Exercise objective: Leaving out all pictures, write down exactly the lines from the one containing "Outstanding Natural Amethyst" through the last line of the material.

Data for this task:
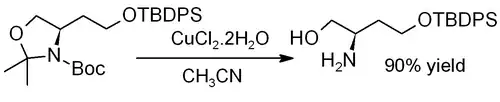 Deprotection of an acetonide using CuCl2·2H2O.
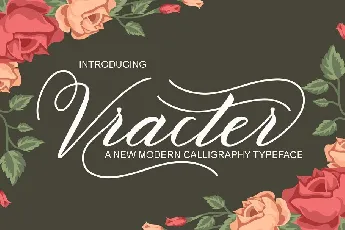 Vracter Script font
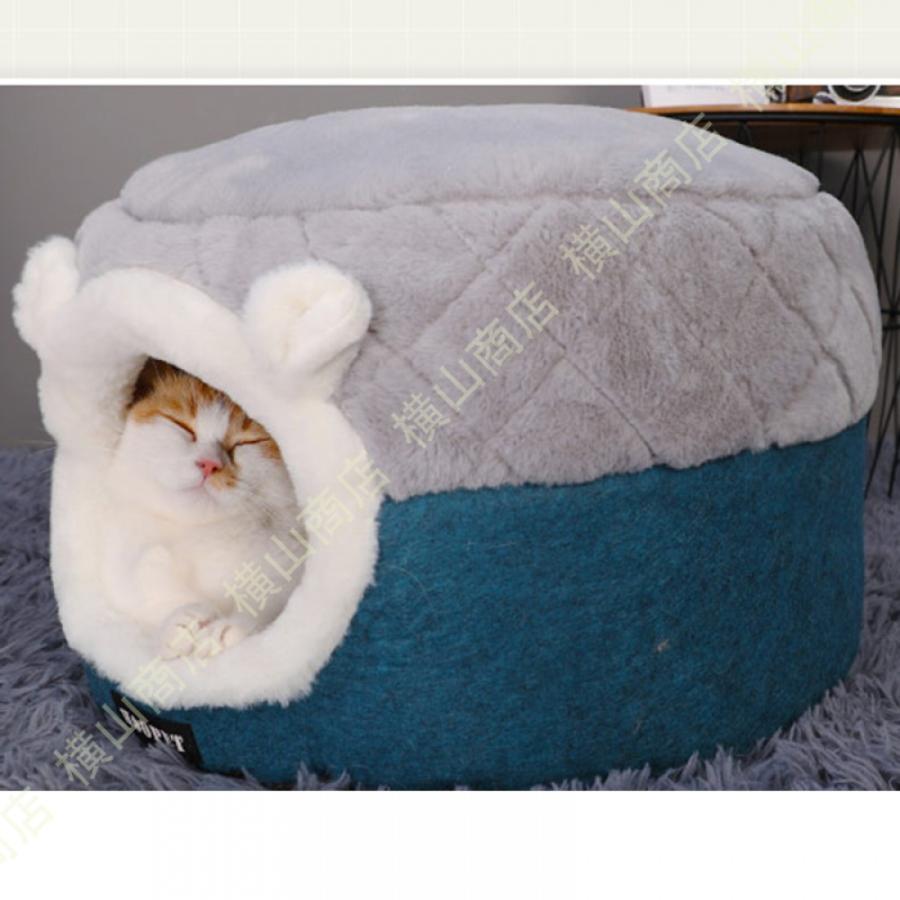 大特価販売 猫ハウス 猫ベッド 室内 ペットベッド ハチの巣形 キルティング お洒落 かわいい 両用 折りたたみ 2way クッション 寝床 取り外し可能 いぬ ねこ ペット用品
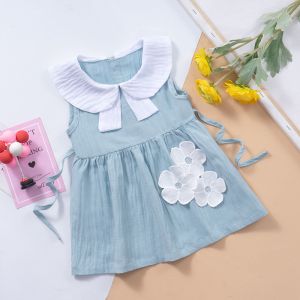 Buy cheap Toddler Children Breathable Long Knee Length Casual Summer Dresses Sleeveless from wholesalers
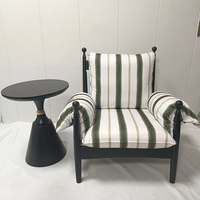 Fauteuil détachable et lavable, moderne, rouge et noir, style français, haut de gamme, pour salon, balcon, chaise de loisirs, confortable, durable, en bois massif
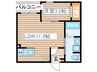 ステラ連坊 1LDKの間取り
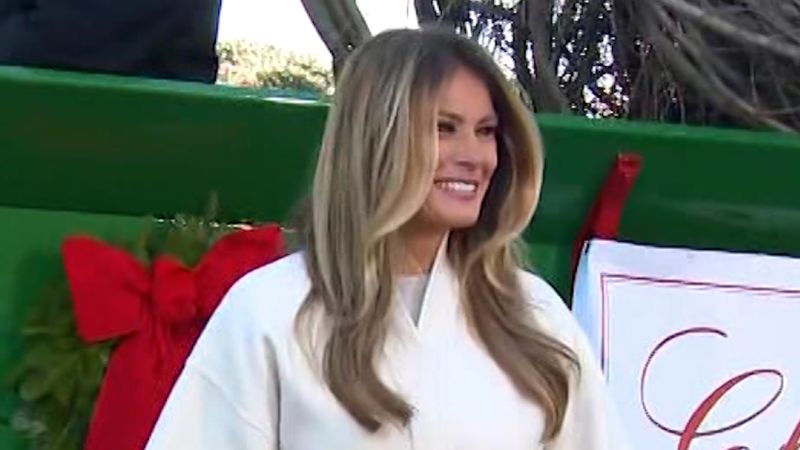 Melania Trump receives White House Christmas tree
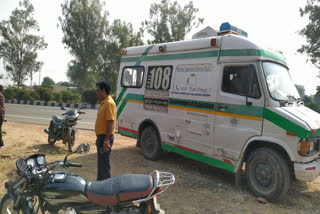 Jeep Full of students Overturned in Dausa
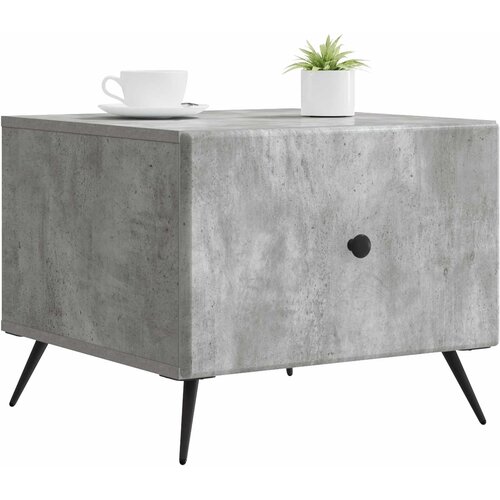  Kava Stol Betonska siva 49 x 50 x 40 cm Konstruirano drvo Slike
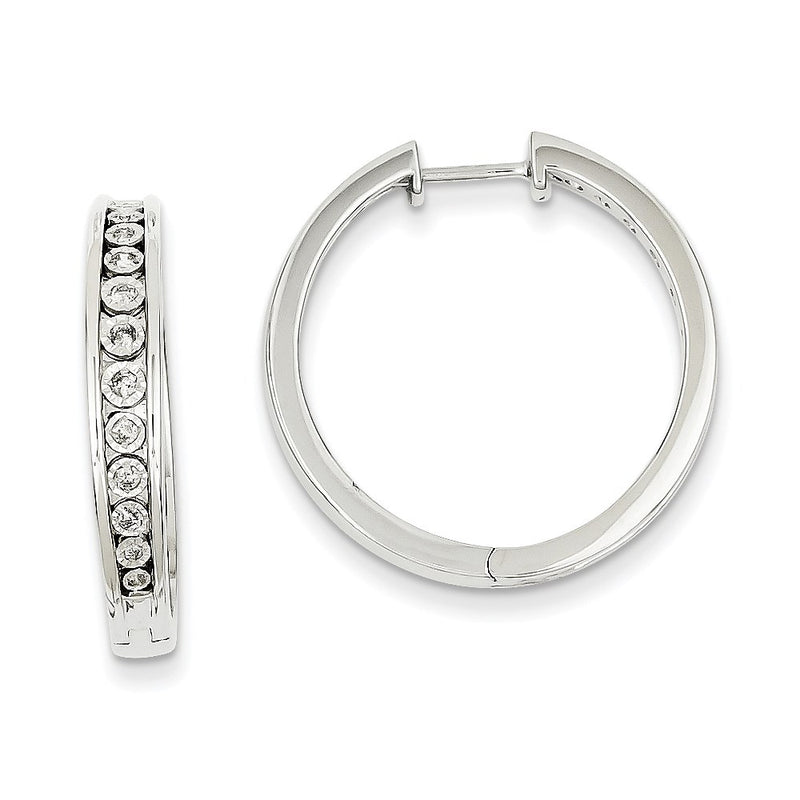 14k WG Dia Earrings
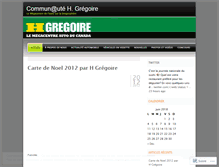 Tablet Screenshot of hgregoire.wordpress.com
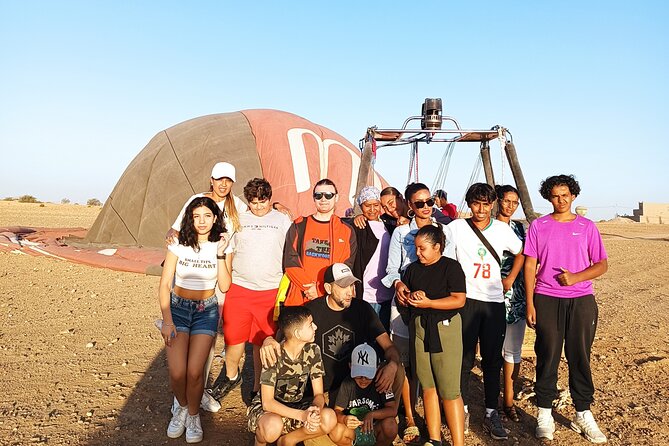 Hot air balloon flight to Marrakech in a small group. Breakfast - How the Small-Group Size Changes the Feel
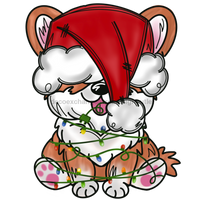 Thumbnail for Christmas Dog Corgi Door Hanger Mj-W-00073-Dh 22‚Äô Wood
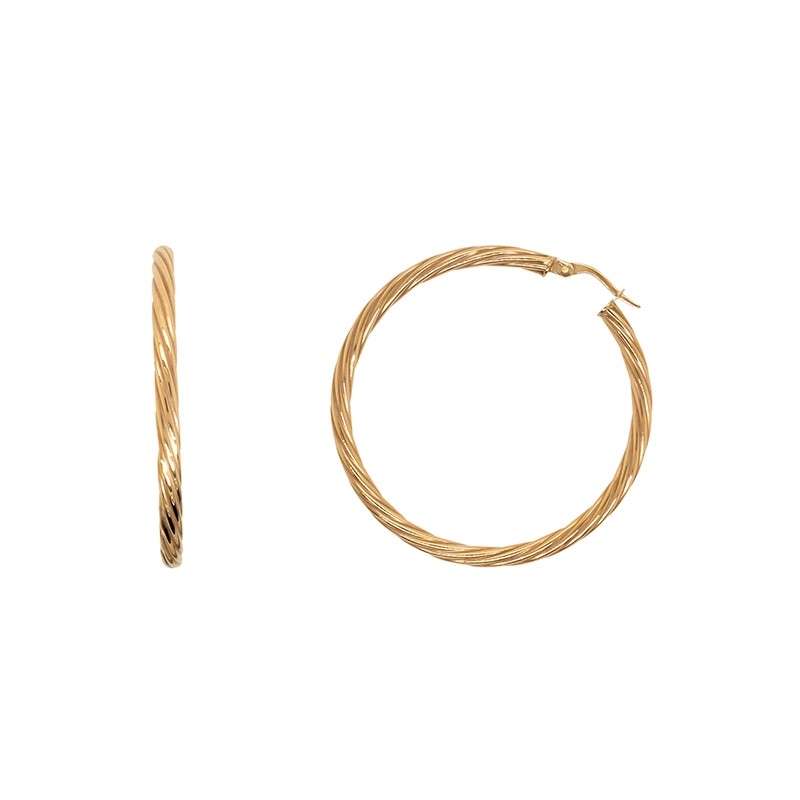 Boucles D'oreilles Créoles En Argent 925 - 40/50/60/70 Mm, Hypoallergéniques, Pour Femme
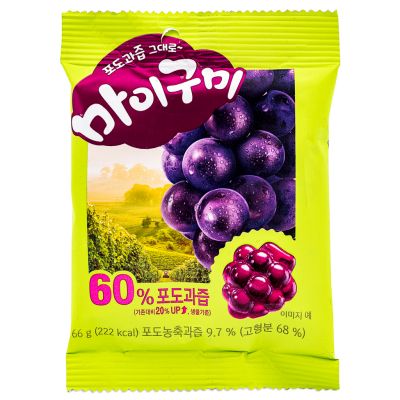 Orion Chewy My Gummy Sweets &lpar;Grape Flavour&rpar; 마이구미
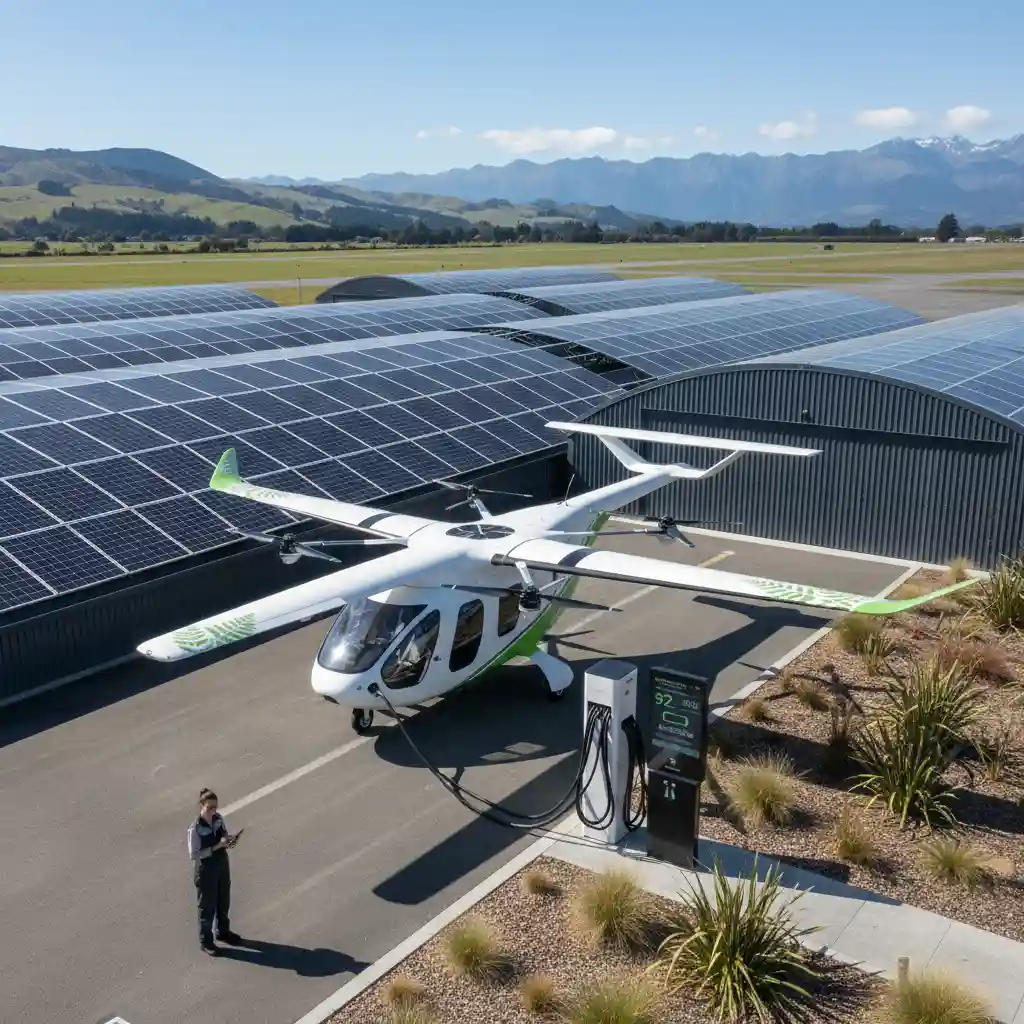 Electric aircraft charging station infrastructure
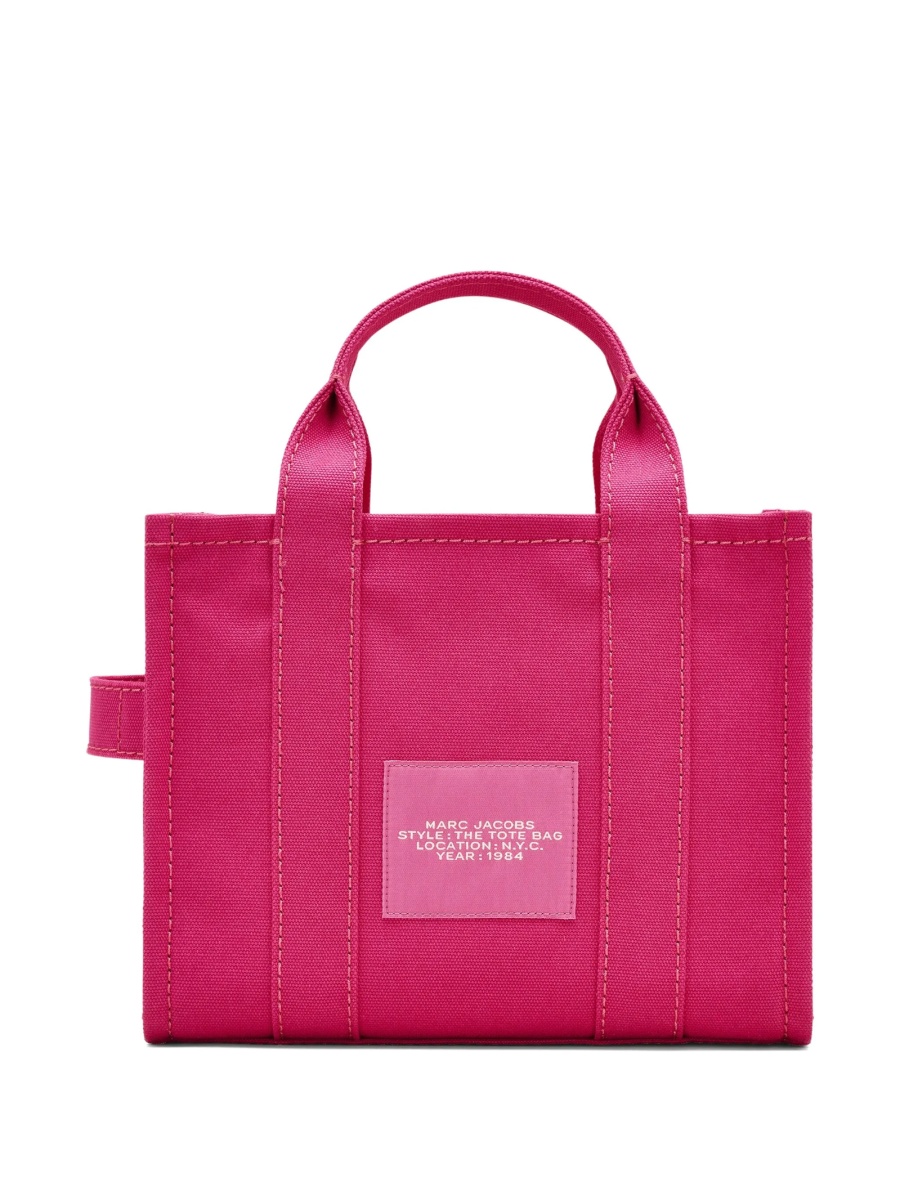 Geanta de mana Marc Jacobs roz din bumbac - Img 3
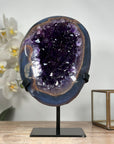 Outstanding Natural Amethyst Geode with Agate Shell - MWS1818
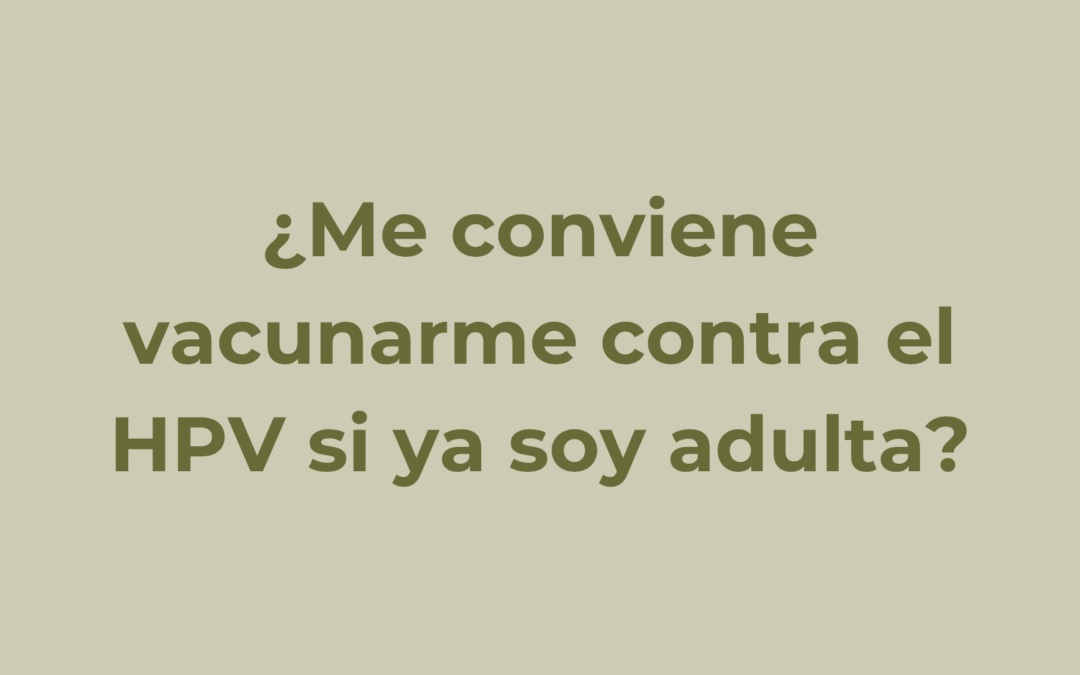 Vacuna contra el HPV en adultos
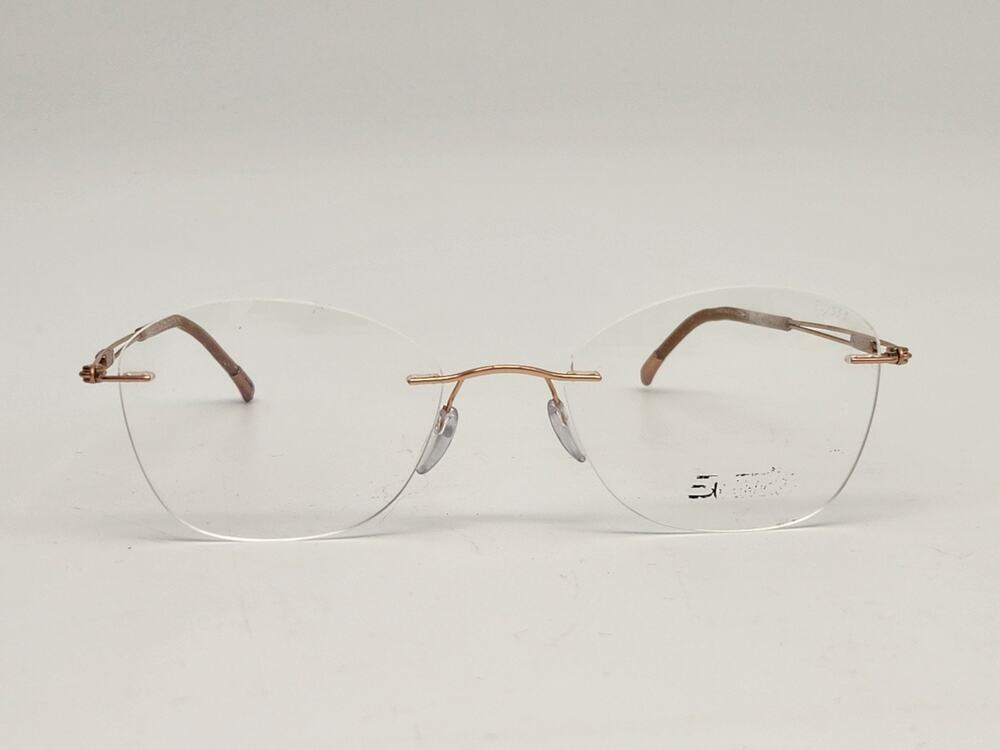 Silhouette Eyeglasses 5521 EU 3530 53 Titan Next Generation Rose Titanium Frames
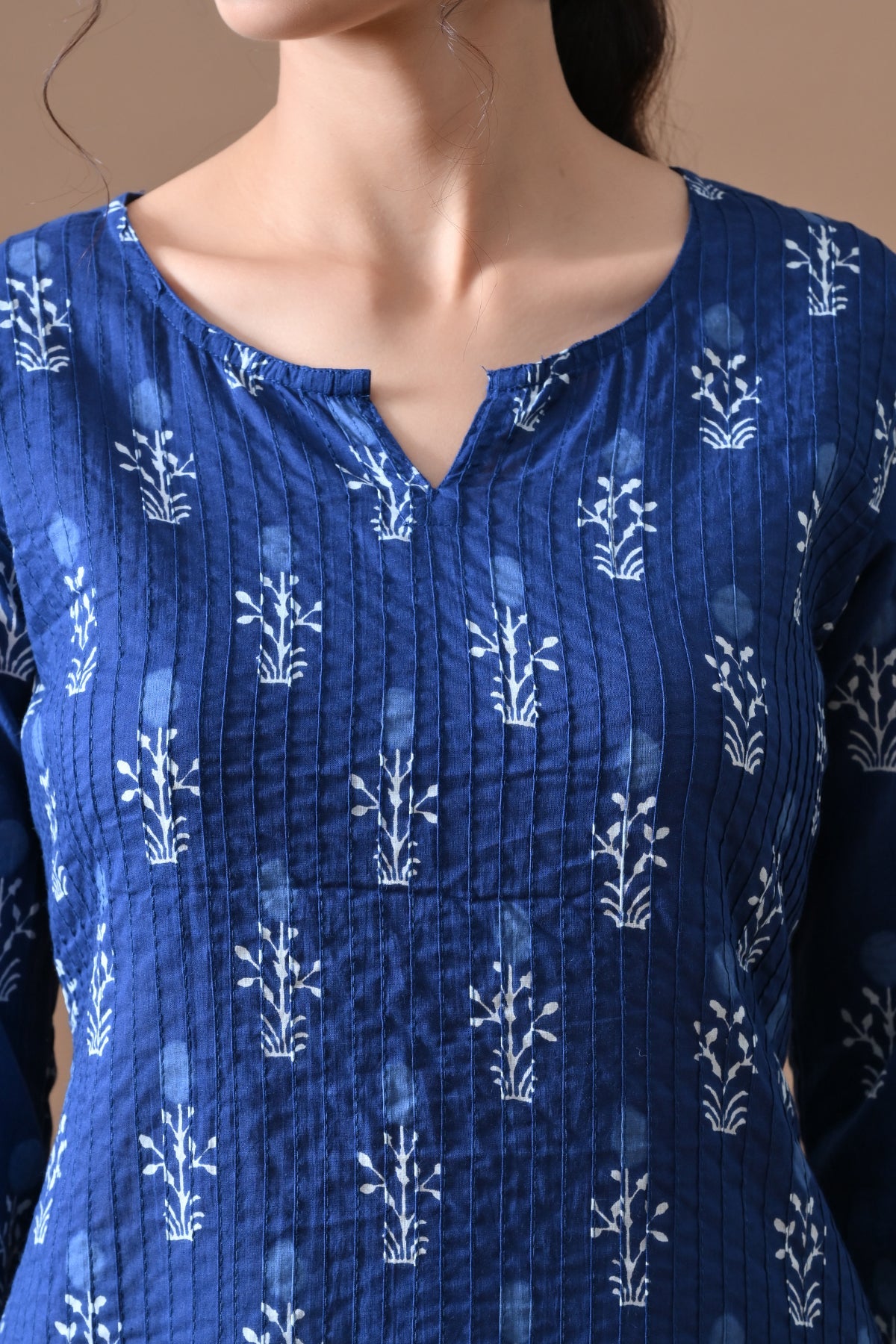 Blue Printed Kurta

Exercise answer:
 Outstanding Natural Amethyst Geode with Agate Shell - MWS1818
 Vacuna contra el HPV en adultos
 Silhouette Eyeglasses 5521 EU 3530 53 Titan Next Generation Rose Titanium Frames
 Blue Printed Kurta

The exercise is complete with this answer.